Salutations, populations. Today’s note is more of a work-in-progress
than usual; I have been finally starting to look at getting
Whippet
into
Guile
, and there are some open questions.
inventory
I started by taking a look at how Guile uses the
Boehm-Demers-Weiser
collector
‘s API, to make sure I had all
my bases covered for an eventual switch to something that was not BDW.
I think I have a good overview now, and have divided the parts of BDW-GC
used by Guile into seven categories.
implicit uses
Firstly there are the ways in which Guile’s run-time and compiler depend
on BDW-GC’s behavior, without actually using BDW-GC’s API. By this I
mean principally that we assume that any reference to a GC-managed
object from any thread’s stack will keep that object alive.

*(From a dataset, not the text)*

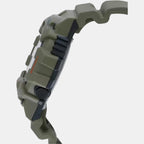 Casio Men Round Black watch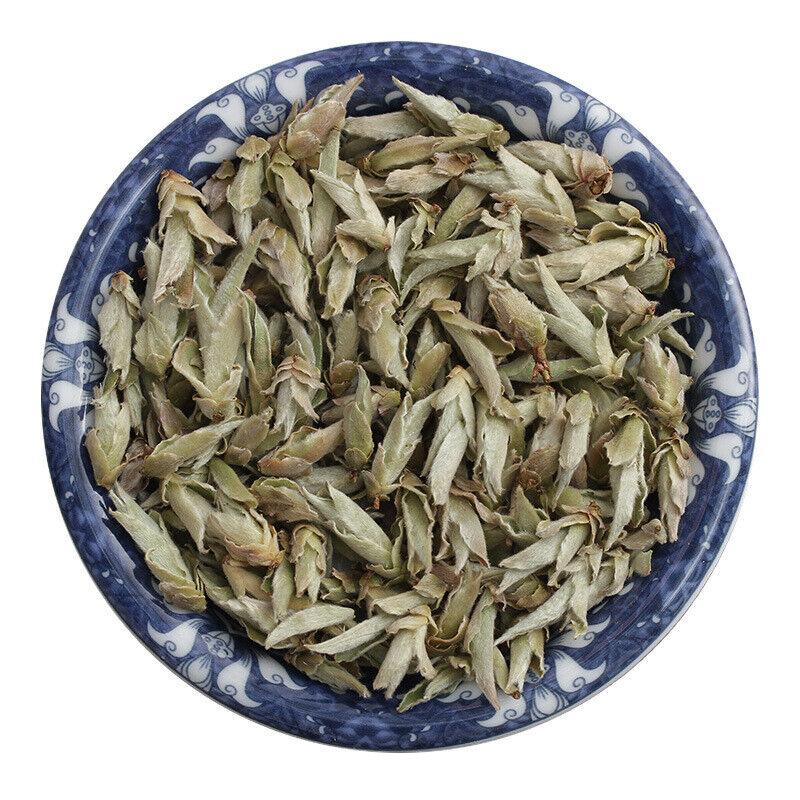 Yunnan White Buds Pu-erh Tea Raw Puer YABAO Bai Ya Bao Shen Puerh Loose Leaf Main image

The same
goes for references originating in global variables, or static data
segments more generally. Additionally, we rely on GC objects not to
move: references to GC-managed objects in registers or stacks are valid
across a GC boundary, even if those references are outside the GC-traced
graph: all objects are pinned.
Some of these “uses” are internal to Guile’s implementation itself, and
thus amenable to being changed, albeit with some effort. However some
escape into the wild via Guile’s API, or, as in this case, as implicit
behaviors; these are hard to change or evolve, which is why I am putting
my hopes on Whippet’s
mostly-marking
collector
,
which allows for conservative roots.
defensive uses
Then there are the uses of BDW-GC’s API, not to accomplish a task, but
to protect the mutator from the collector:
GC_call_with_alloc_lock
,
explicitly enabling or disabling GC, calls to
sigmask
that take
BDW-GC’s use of POSIX signals into account, and so on. BDW-GC can stop
any thread at any time, between any two instructions; for most users is
anodyne, but if ever you use weak references, things start to get really
gnarly.
Of course a new collector would have its own constraints, but switching
to cooperative instead of pre-emptive safepoints would be a welcome
relief from this mess. On the other hand, we will require client code
to explicitly mark their threads as inactive during calls in more cases,
to ensure that all threads can promptly reach safepoints at all times.
Swings and roundabouts?
precise tracing
Did you know that the Boehm collector allows for precise tracing? It
does! It’s slow and truly gnarly, but when you need precision, precise
tracing nice to have. (This is the
GC_new_kind
interface.) Guile uses it to mark Scheme stacks, allowing it to avoid
treating unboxed locals as roots. When it loads compiled files, Guile
also adds some sliced of the mapped files to the root set. These
interfaces will need to change a bit in a switch to Whippet but are
ultimately internal, so that’s fine.
What is not fine is that Guile allows C users to hook into precise
tracing, notably via
scm_smob_set_mark
.
This is not only the wrong interface, not allowing for copying
collection, but these functions are just truly gnarly. I don’t know
know what to do with them yet; are our external users ready to forgo
this interface entirely? We have been working on them over time, but I
am not sure.
reachability
Weak references, weak maps of various kinds: the implementation of these
in terms of BDW’s API is incredibly gnarly and ultimately unsatisfying.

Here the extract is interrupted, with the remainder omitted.